The judges said they did not order the church offices closed because they did not want to drive Scientologists underground, where they could not be monitored.

They also said a paid notice of the church's conviction would be published in Time magazine and the International Herald Tribune so that news of the church's conviction would spread beyond France.

"The court told the Scientologists, in essence, to be very, very careful, because if you continue to use the same methods of harassment, you won't escape next time," said Olivier Morice, the lawyer for the civil plaintiffs in the case.

Church lawyers, who likened the Paris trial to the Inquisition, said they will appeal.

Individual members of the Church of Scientology have previously been convicted in the French courts. The founder of the Lyons branch was sent to prison for involuntary manslaughter in 1997 after the suicide of a debt-ridden church member. In 1999, five church members were found guilty of fraud.

Tuesday's ruling was the first to directly target the methods of the church, which has been fighting legal battles across the continent to be registered as a religious association and to fend off restrictions from European governments that view it as nothing more than a money-making cult.

In Germany, it has been under fire from local governments that have shut down its after-school programs and distributed pamphlets warning people against joining the Scientologists. National and state interior ministers two years ago said the church posed a threat to constitutional values and ordered the intelligence service to keep it under watch.
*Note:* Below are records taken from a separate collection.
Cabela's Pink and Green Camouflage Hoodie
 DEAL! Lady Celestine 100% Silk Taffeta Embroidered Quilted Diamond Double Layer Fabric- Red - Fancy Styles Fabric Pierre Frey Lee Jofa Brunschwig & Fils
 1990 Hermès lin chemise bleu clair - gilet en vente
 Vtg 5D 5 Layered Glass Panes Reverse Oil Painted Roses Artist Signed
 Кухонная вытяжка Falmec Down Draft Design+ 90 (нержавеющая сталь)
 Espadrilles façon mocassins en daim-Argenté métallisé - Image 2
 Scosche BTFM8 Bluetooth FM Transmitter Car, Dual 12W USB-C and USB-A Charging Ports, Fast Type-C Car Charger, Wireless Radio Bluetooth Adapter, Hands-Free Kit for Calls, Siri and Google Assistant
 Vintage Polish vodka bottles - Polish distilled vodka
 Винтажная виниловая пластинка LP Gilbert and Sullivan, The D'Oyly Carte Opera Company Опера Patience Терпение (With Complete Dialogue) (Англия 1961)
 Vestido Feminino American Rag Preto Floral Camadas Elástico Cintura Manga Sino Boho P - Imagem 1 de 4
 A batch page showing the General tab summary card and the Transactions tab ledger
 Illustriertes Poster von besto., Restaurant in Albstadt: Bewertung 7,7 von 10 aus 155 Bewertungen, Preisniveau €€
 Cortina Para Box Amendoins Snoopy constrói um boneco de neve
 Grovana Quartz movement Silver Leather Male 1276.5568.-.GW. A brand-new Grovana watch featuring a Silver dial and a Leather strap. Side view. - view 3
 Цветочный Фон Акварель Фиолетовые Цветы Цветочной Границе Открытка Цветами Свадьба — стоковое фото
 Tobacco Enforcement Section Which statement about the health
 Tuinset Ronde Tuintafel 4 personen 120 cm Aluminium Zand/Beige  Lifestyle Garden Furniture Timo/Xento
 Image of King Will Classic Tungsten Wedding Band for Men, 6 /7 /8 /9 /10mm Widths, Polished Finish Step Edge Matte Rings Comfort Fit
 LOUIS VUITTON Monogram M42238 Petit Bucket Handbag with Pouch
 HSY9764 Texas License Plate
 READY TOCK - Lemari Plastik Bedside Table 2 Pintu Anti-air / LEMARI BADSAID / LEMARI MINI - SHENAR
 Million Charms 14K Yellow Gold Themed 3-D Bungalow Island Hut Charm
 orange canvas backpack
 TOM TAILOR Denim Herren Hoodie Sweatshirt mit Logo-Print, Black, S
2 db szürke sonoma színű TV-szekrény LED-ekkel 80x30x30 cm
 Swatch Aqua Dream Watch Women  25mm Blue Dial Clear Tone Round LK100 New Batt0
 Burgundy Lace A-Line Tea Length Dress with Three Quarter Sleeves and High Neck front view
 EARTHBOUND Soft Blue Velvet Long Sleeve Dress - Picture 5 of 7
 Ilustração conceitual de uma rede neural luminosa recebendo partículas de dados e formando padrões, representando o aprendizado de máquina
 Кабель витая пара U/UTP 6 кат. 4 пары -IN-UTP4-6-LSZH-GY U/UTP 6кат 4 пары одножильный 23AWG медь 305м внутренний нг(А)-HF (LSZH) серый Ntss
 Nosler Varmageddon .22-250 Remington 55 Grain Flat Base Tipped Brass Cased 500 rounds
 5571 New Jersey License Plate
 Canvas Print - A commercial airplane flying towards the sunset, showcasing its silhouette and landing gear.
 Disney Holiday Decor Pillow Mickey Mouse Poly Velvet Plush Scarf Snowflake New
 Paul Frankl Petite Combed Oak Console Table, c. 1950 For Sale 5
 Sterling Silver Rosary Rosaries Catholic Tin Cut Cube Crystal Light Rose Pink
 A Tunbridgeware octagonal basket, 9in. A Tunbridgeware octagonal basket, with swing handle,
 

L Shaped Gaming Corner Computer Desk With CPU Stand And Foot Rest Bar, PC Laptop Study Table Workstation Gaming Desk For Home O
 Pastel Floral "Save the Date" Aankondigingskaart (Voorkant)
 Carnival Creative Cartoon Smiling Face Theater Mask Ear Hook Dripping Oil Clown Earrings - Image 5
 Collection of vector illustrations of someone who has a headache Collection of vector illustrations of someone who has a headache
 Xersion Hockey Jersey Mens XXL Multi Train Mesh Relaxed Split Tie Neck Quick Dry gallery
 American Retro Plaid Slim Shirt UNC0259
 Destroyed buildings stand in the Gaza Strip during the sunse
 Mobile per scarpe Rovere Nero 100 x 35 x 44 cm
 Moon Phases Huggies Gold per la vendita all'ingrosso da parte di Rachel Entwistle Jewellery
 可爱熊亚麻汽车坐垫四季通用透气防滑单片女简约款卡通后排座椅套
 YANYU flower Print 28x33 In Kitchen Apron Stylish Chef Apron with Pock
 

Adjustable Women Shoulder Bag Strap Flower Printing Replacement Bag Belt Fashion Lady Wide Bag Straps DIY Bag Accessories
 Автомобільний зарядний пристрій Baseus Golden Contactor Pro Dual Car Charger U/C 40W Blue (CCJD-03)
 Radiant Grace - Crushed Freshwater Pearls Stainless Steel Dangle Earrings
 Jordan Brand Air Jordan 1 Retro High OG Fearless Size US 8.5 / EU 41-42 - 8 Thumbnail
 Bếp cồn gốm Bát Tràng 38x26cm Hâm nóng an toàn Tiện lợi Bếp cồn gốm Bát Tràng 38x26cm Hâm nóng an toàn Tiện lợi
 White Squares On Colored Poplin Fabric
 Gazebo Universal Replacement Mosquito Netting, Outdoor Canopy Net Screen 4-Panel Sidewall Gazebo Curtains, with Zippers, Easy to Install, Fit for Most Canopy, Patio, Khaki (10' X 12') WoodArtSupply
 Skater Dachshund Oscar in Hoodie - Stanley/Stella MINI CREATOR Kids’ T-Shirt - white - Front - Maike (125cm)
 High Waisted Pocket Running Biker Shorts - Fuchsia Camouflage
But late last year they backed off from an effort to try to ban it outright.

In Belgium, another country that has tried to marginalize the Scientologists, the 12 members of the Brussels branch have been under investigation since 1998 after a complaint from a woman who said she was defrauded. In May, when hearings were finally opened in the case, the church won a postponement.

The U.S. State Department regularly criticizes efforts by France and other European countries to marginalize or regulate Scientology. The church itself has also been aggressive in defending its operations.

Three weeks ago, the European Court of Human Rights ruled in Scientology's favour in a case it brought against Russian authorities who refused to recognize two church affiliates as religious organizations. The court hears cases from the 47 countries that are members of the Council of Europe.

The French case stemmed from similar complaints from people who said that in 1998, Scientology officials harassed them into emptying their bank accounts to pay for expensive courses, equipment, vitamins and what were called purification treatments.

One of those plaintiffs, Aude-Claire Malton, broke down in court as she described how the church pressured her to spend all her savings of €30,000 in the space of four months and then tried to convince her to borrow more. "They cleaned me out, demolished me," she said. "It's mental manipulation."

The church's top official in France, who was convicted in the case, called the payments demanded of adherents simple donations. "No church lives only on the energy of the good Lord," he told the judges.

France has labelled the Church of Scientology a cult, a designation that brings it under the purview of a special government monitoring commission that reports each year on "abuses by sects."

At least five other cases involving complaints against the church are under investigation by courts around France, according to press reports.

One was brought by the family of a woman who said she threw herself in front of a train three years ago after being told repeatedly by her Scientology mentors that she was a failure.

Tuesday's ruling could encourage other unhappy Scientology recruits to come forward, said Catherine Picard, head of the French Association of Victims of Sects.

"They've had a real slap in the face," she said. "Nationally and internationally, the word Scientologist will be associated with fraud."